We've seen a whole - millions of new voters coming into this process. And so we looked at that as well. We looked at who does NARAL communicate with. And we know that for the future of the choice movement, frankly, we need more people in this process. We need men and women. We need Republicans, Democrats and Independents. We need people from red states and blue states. And so the kind of message that Barack Obama is delivering to people all across this country, about change, and about uniting as opposed to dividing people, is something that certainly was important to NARAL's PAC when it was discussing this endorsement.
CONAN: We're talking with Elizabeth Shipp, the political director of NARAL Pro-Choice America, and Ramona Oliver, the communications director for EMILY's List. Of course, Ken Rudin, our political junkie, is also with us. And you're listening to Talk of the Nation from NPR News. Ken?
RUDIN: Elizabeth, if everybody assumes, I think everybody agrees Barack Obama will be the nominee, everybody except Bill and Hillary. Now, if you - if you can make the case that if that's going to be the case, if Obama's going to be the nominee, why not wait the extra two weeks, three weeks? The argument that the Clinton campaign has said, about John Edwards' endorsement, about NARAL's endorsement, if she's about to get out June 3rd, June 4th anyway, why endorse when she's at this stage of her campaign? Why not give her that extra two weeks of respect?

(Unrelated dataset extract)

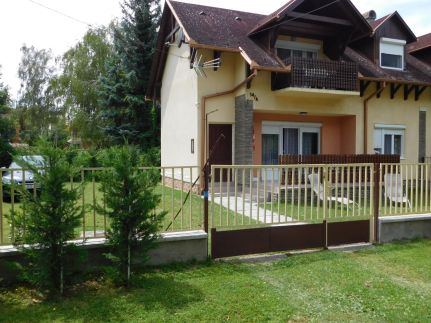 Balatonpart-lak Apartman Balatonfenyves1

Ms. SHIPP: You know, we're a political organization, and we make political decisions. And you've got to find what we call that special, unique time to get involved to have maximum impact. And we felt like the best time to start going after John McCain is now. We have seen the constant drumbeat about whether he is pro-choice or he's anti-choice. You know, Planned Parenthood, our sister organization, did a poll that said 49 percent of McCain's supporters are pro-choice, and that leads me to believe that they think he's pro-choice, too.
It's not enough to wait and wait and wait, and then finally jump into the process at - you know, when is it, is it after June 3rd, is it after, you know, July, is it after the convention? We felt that it was important for us to start communicating with that key group, that key swing group of Independent and Republican pro-choice women, and comparing and contrasting them to Barack Obama now.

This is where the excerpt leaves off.